The gemara (Berakhot 24a) asserts that a revealed "tefach" of a woman's body [those areas which are customarily covered] is "erva," whose literal meaning seems to be "nakedness" and which is used in the Torah as a synonym for any incest, adultery, and the like. The gemara then explains that this does not mean that a man is not allowed to stare at these places, because obviously it is impermissible to stare at a woman even in places which we never cover (though it is permissible to see her, as we explained last week). It means that a man can not recite KS if he sees these areas, even if he is NOT staring.

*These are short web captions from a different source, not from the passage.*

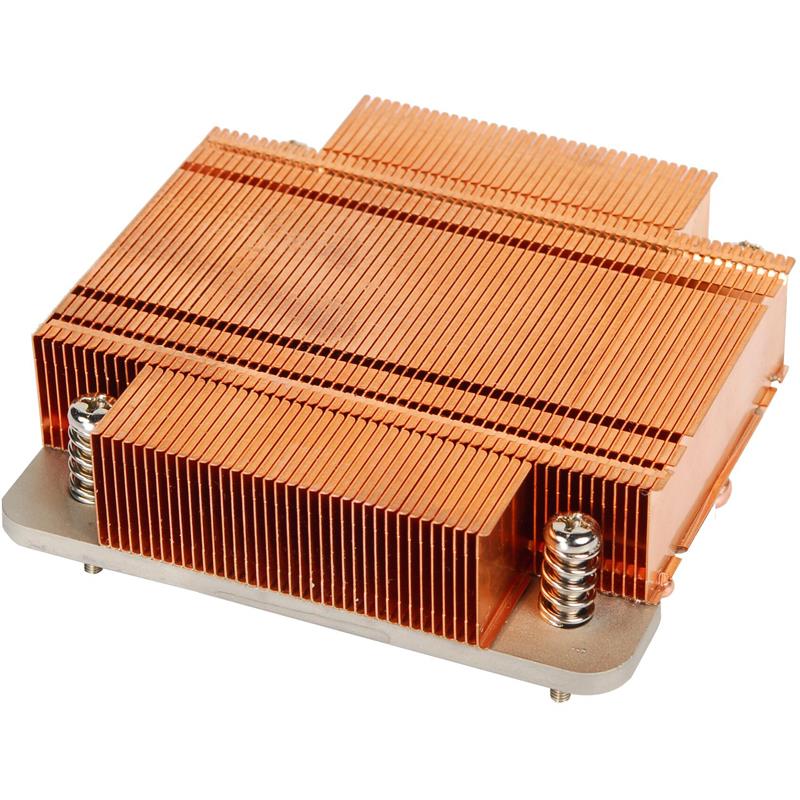 Supermicro SNK-P0016P 1U Passive CPU Heatsink for Supermicro X7 Gen Servers
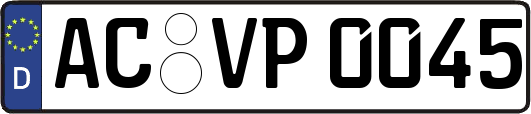 AC-VP0045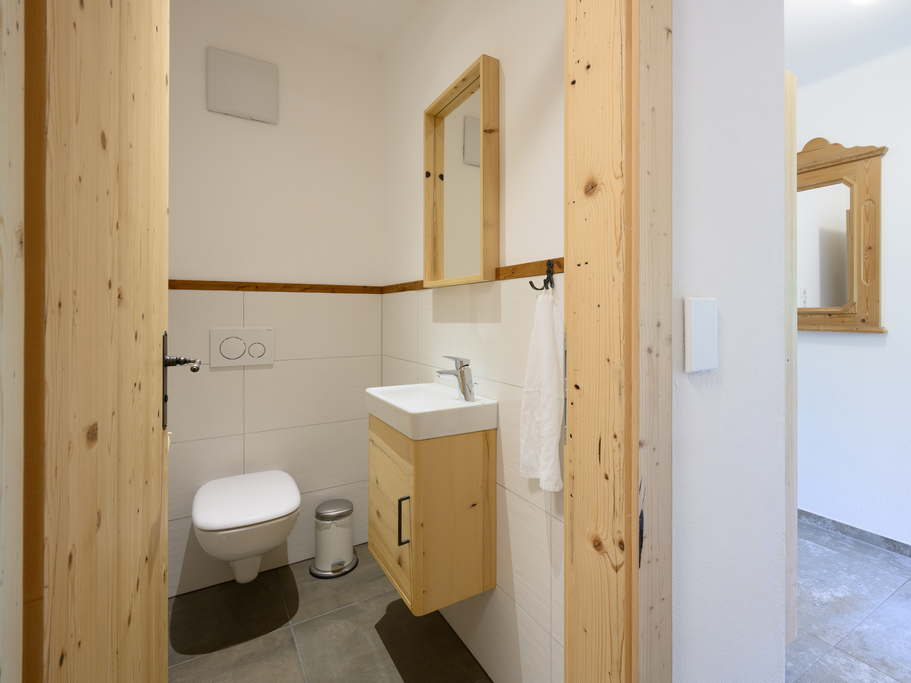 Unterkünfte: Ferienwohung Enzian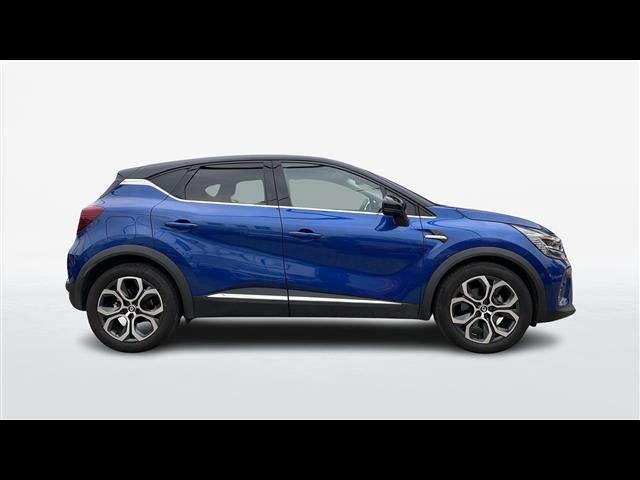 Renault Captur 1.6 E-TECH Hybrid Techno Fast Track Auto 14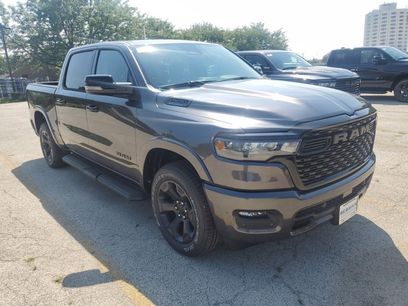 New 2025 RAM 1500 Big Horn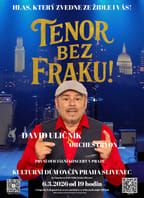 Tenor bez fraku! – David Uličník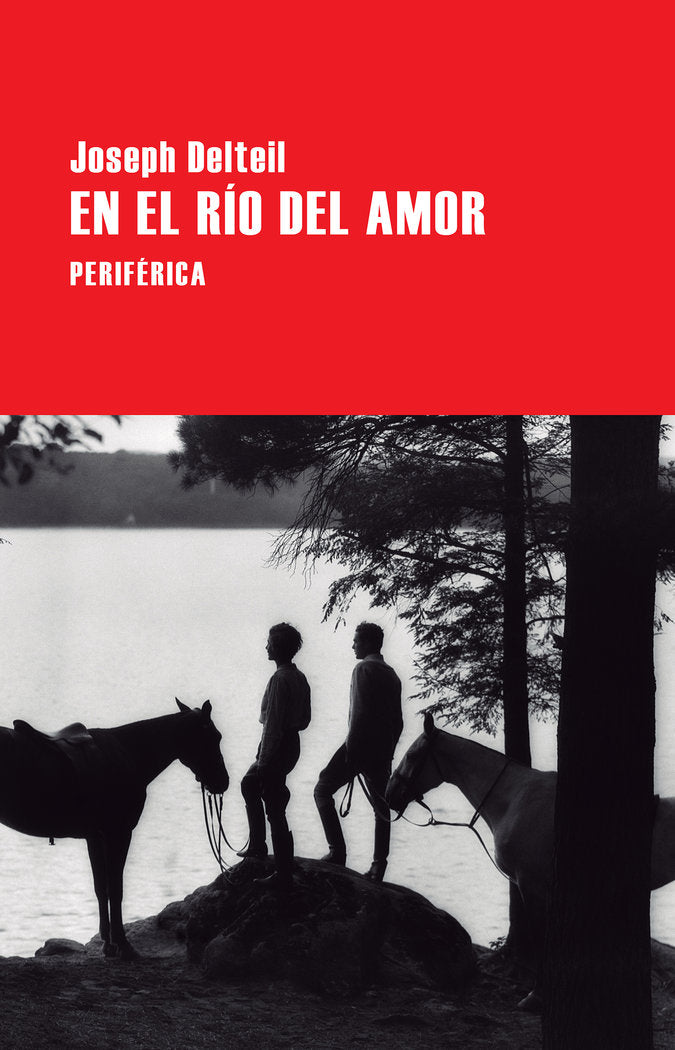 En el río del Amor, de Delteil, Joseph | portada del libro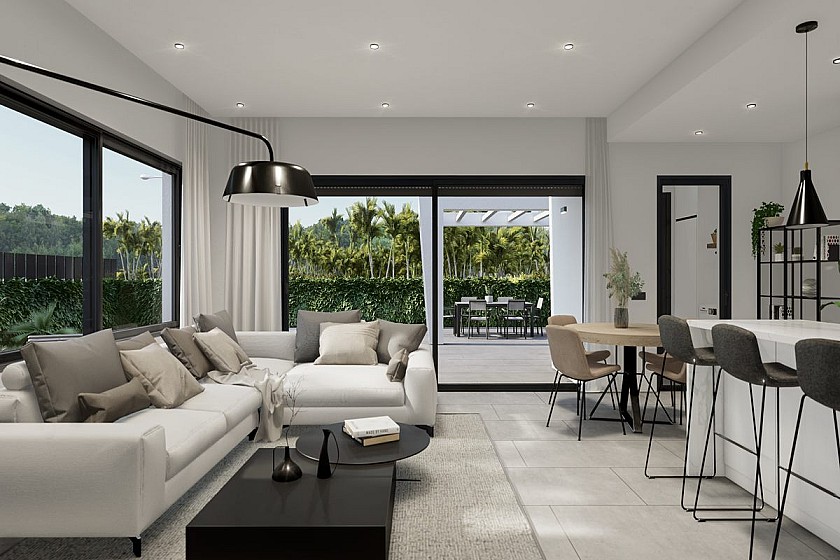 3 slaapkamer Villa in Punta Prima - Orihuela Costa - Vidando Estates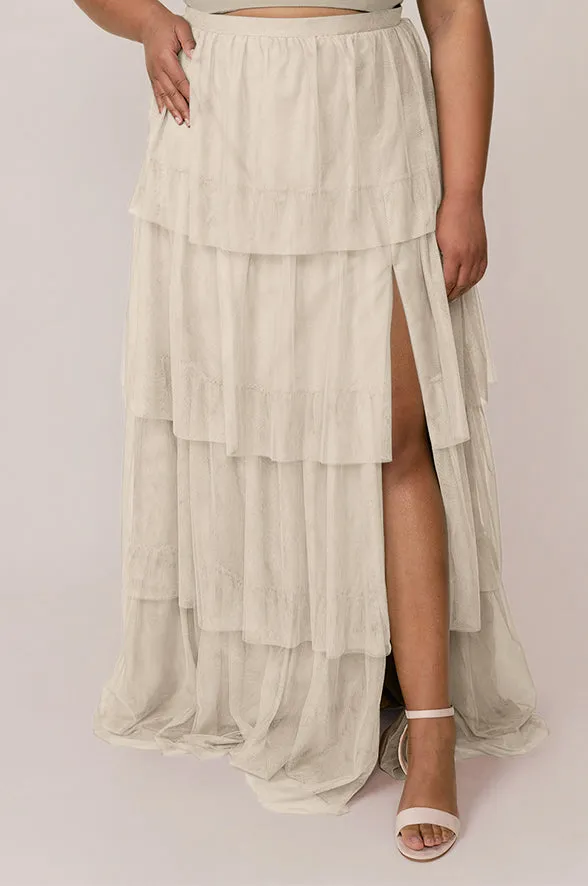 Poppy Tulle Skirt | Made To Order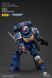 Фігурка з гри Warhammer 40k, Ультрамарини Герой ордена Прімаріс Лейтенант Ерастус, JOYTOY, рухома, 12,1 см (WHR 0133)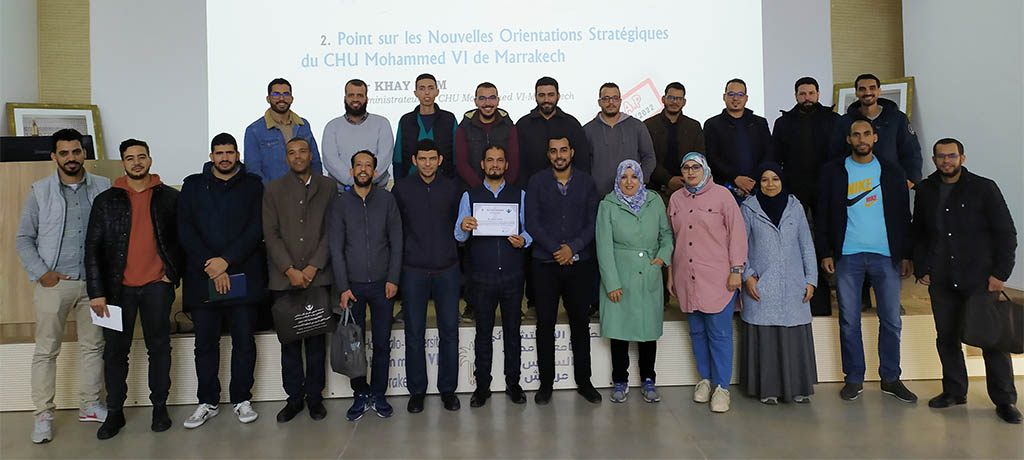 أيام تكوينية لفائدة التقنيين المقبلين على اجتياز امتحان الكفاءة المهنية 2022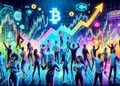 Cổ phiếu Smarter Web tăng 43% sau khi Bitcoin lên 36 triệu USD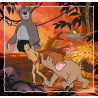 Clementoni - Puzzle 3x48 piezas Disney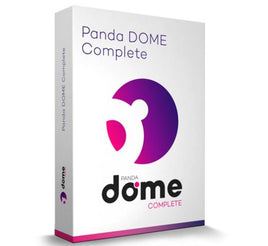Panda Dome Complete (10 Devices, 1 Year) - PC -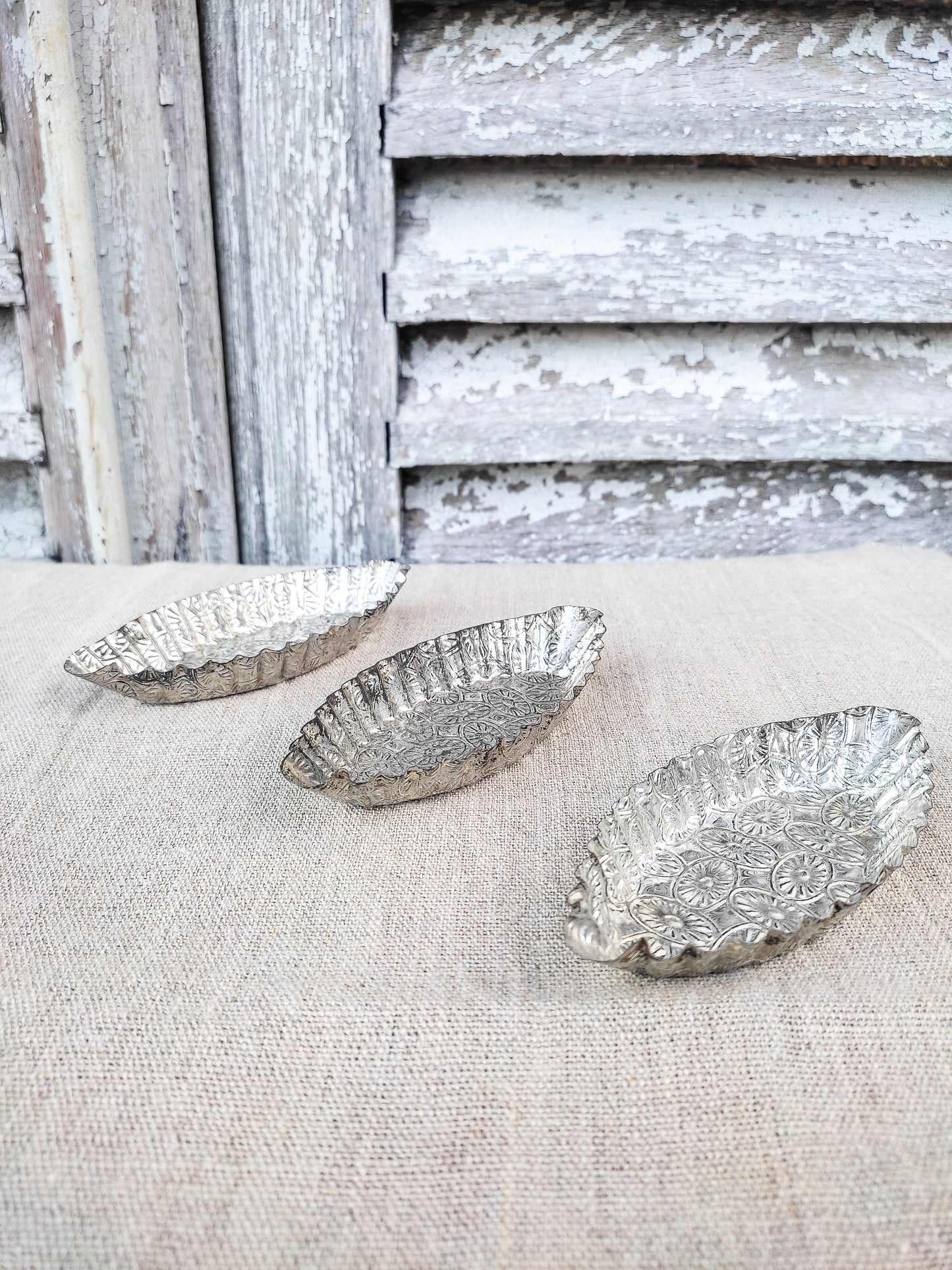 Moule à tartelettes x5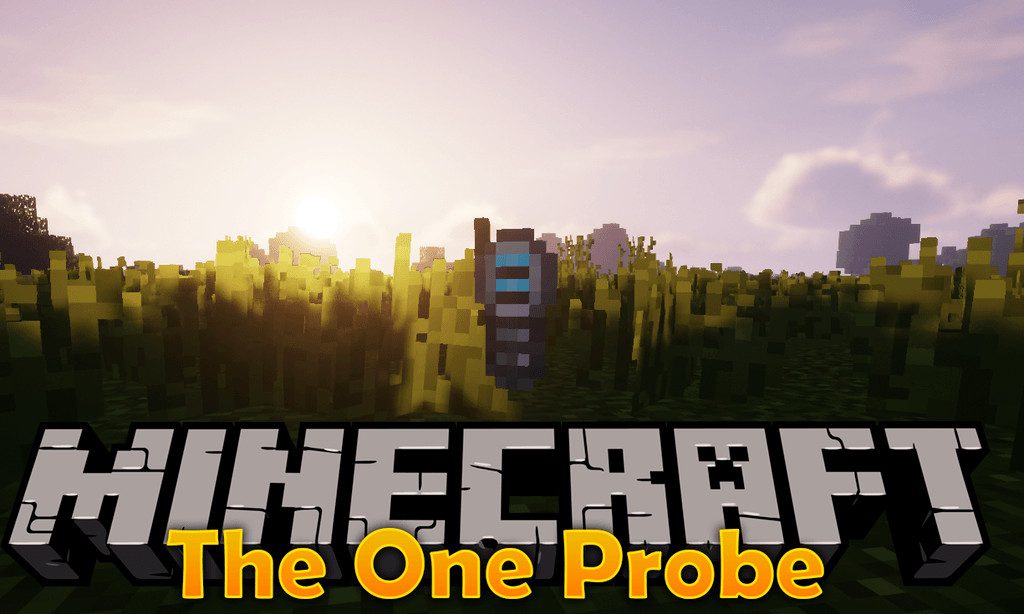 The One Probe  1.16.5
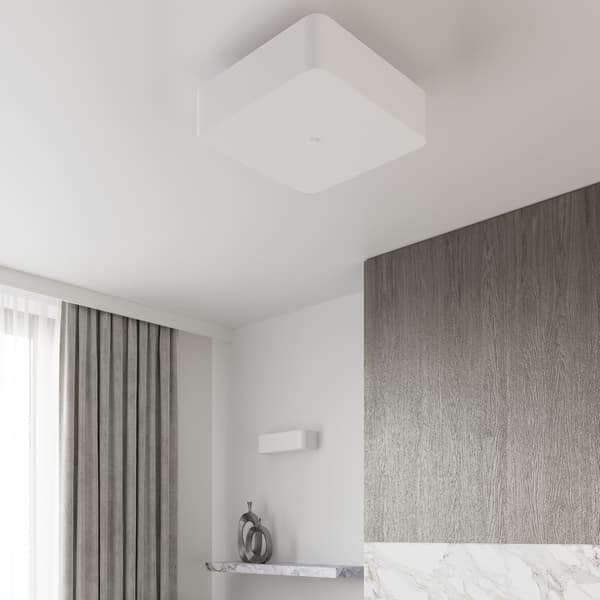 Taklampa LOKKO 45 vit White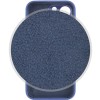 Чохол Silicone Case Full Camera Protective (AA) для Apple iPhone 13 Pro (6.1'') Синій (33874)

Rashi says: erva - to stare, and also [even] with regard to his wife for KS. Presumably, Rashi understood that when the gemara forbids looking even at a woman's pinky, that is only if one is paying attention to her attractiveness (even if she is not attractive) but not if one is looking at her in a completely innocent context. But areas known as "erva" are forbidden even without any untoward intentions. We would view these as sights which may kindle immodest thoughts, as opposed to ordinary looks which do not arouse them but which may fuel them.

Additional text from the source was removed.